- TASK -
Every line from the one containing "Homes For Sale" to the end of the data below should be copied exactly, but pictures should not.

..............................

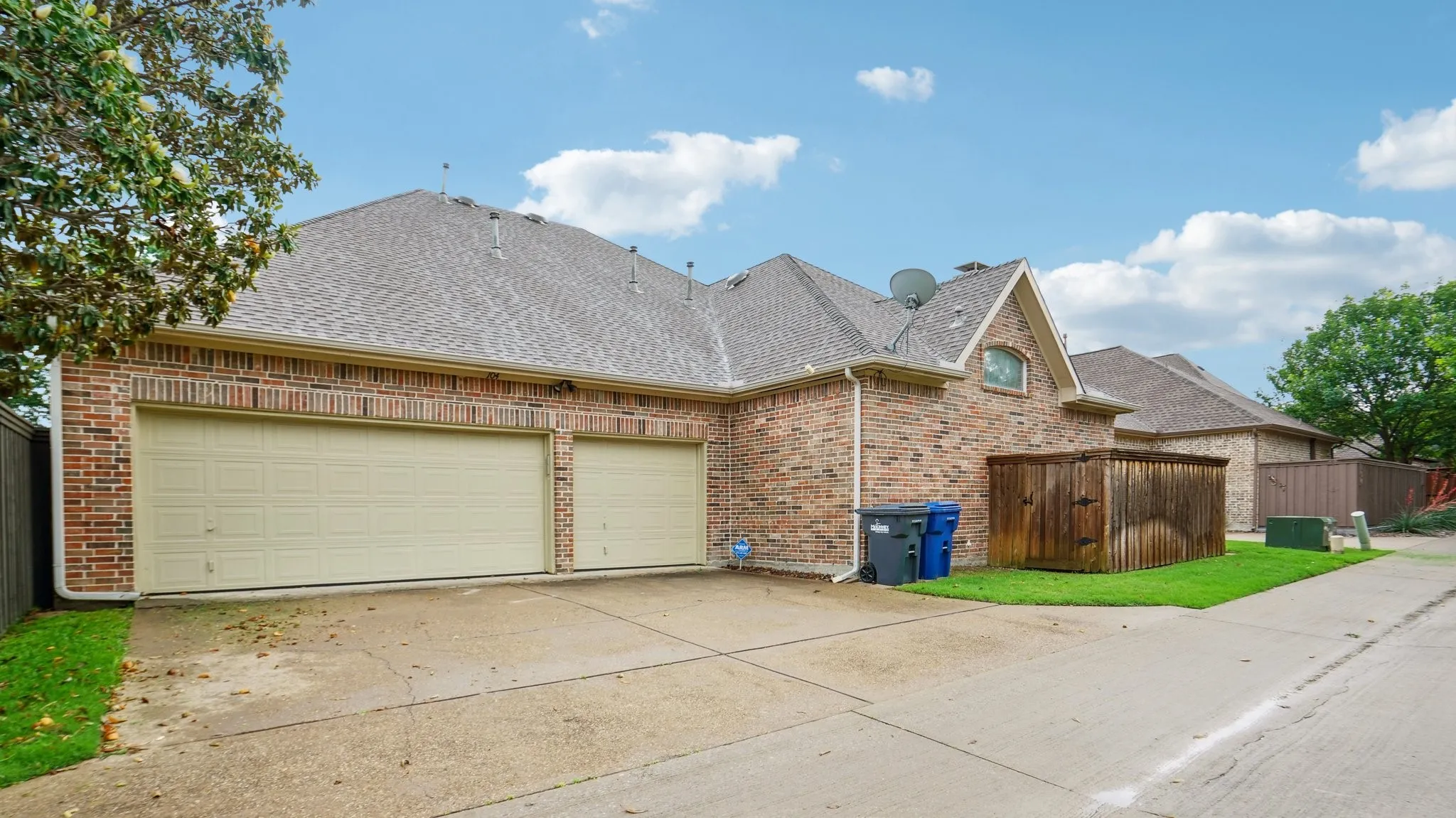 Single Family Residence For Rent in Collin County , 104 Stonehaven Court, Mc Kinney, Texas 75072, 4 Bedroom, 4 Bathroom, 3 Garage spaces, 3,816 Sqft, built in 1998, mls#21391403, Real Estate Agent in Mc Kinney, Homes For Rent in Collin county, Homes For Rent in Mc Kinney, Realtor in Mc Kinney Texas, Real Estate Brokerage Independent Realty Texas, Luminita Cordes Realtor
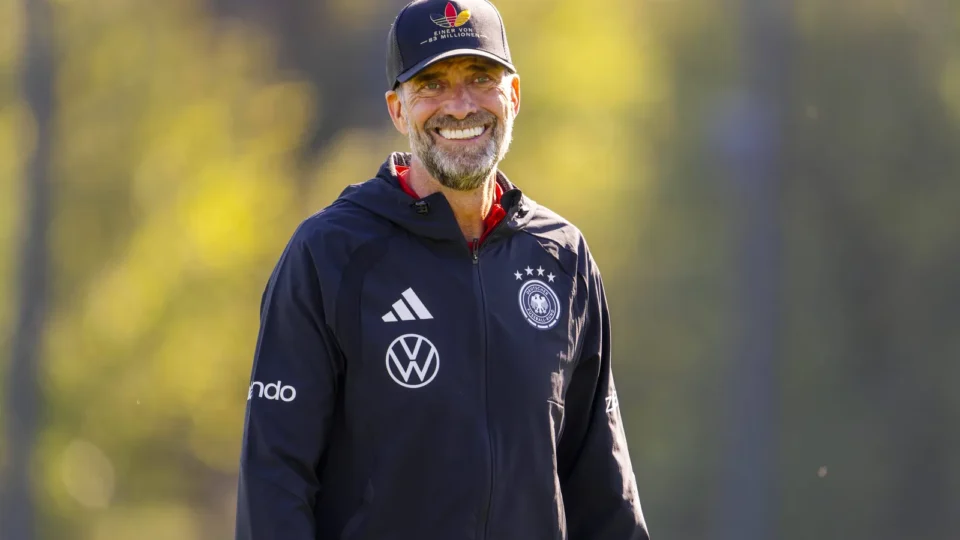 Klopp impõe quatro regras rígidas e muda rotina da seleção alemã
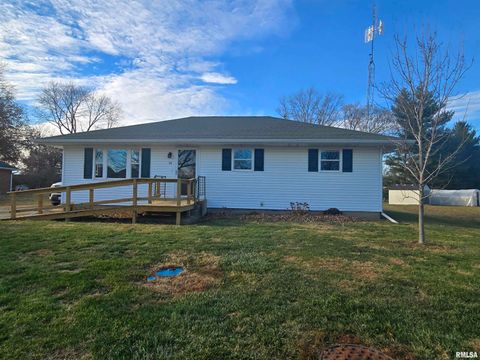 Homes For Sale - 14 Hiel Drive<br/> Bushnell, IL 61422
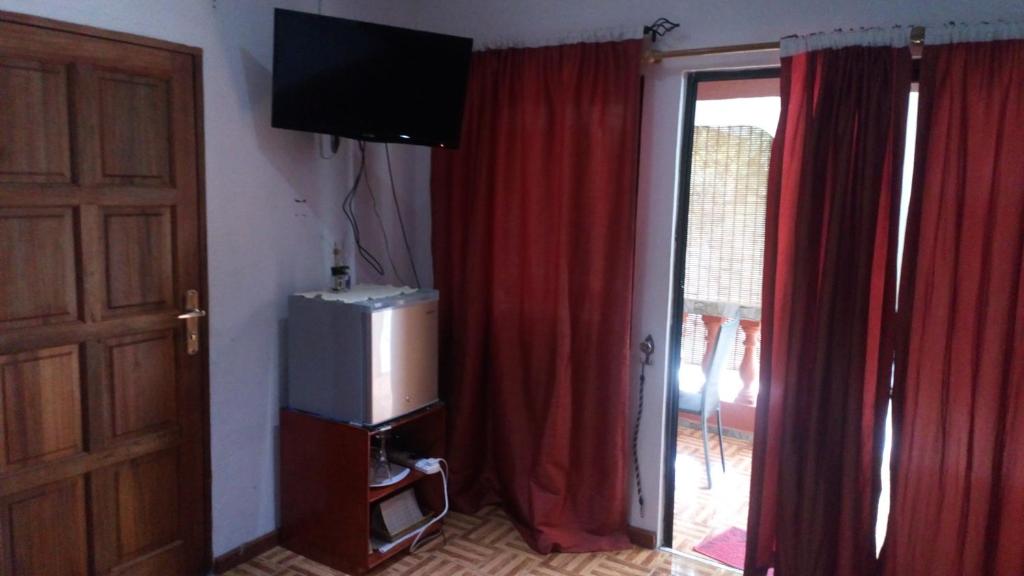 TV a/nebo společenská místnost v ubytování Morry's Apartment
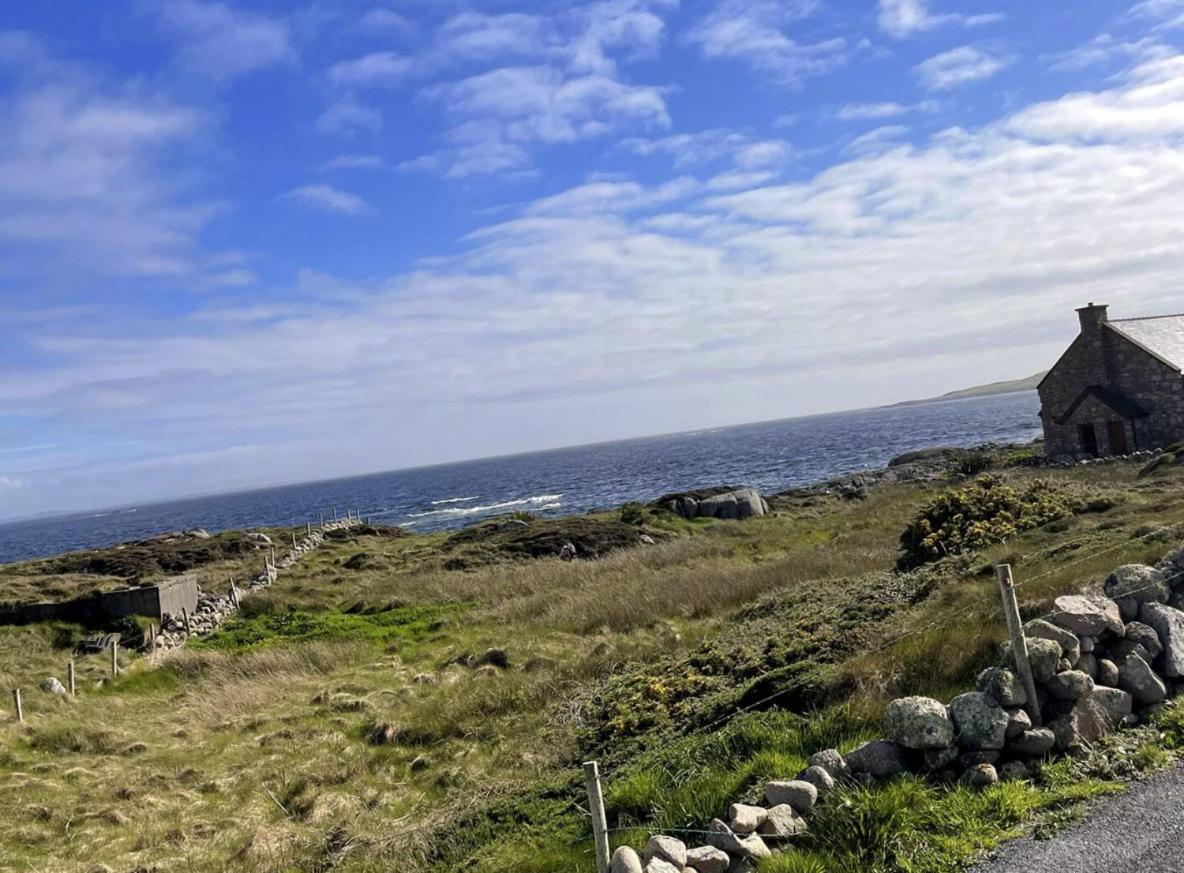 Lands End Cottage - Connemara Aughrus More 外观 照片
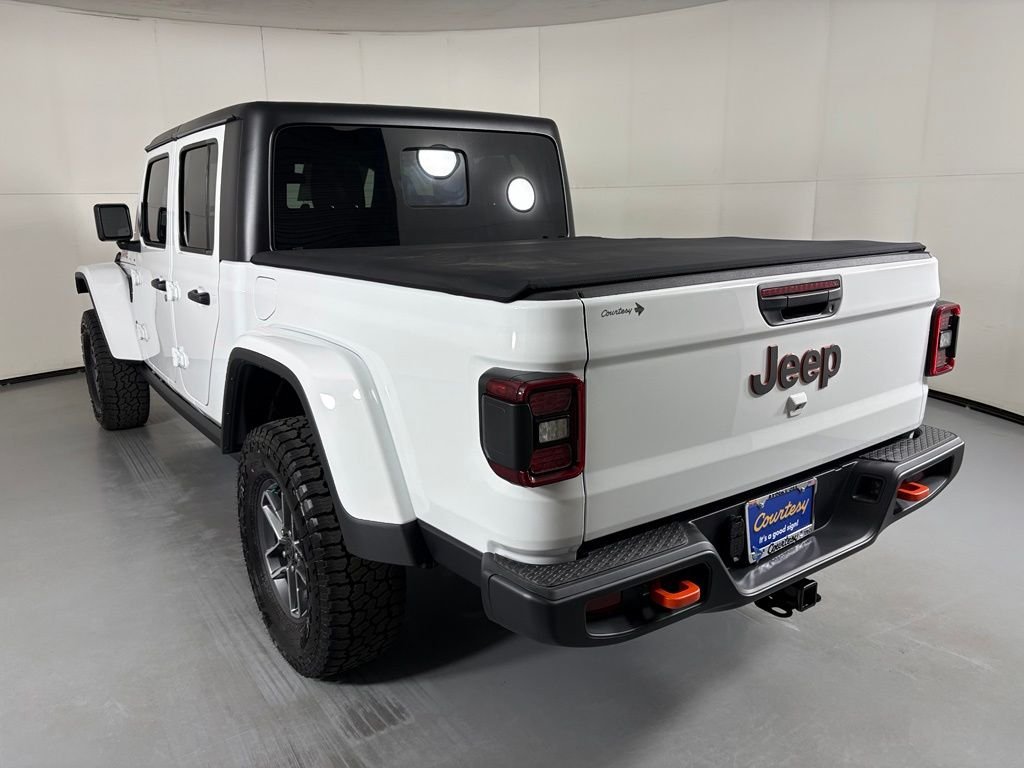 New 2026 Bright White Clearcoat Jeep Mojave image 6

..............................

- ANSWER TO THE PROBLEM -
 Homes For Sale - 14 Hiel Drive<br/> Bushnell, IL 61422
 TV a/nebo společenská místnost v ubytování Morry's Apartment
 Lands End Cottage - Connemara Aughrus More 外观 照片
 New 2026 Bright White Clearcoat Jeep Mojave image 6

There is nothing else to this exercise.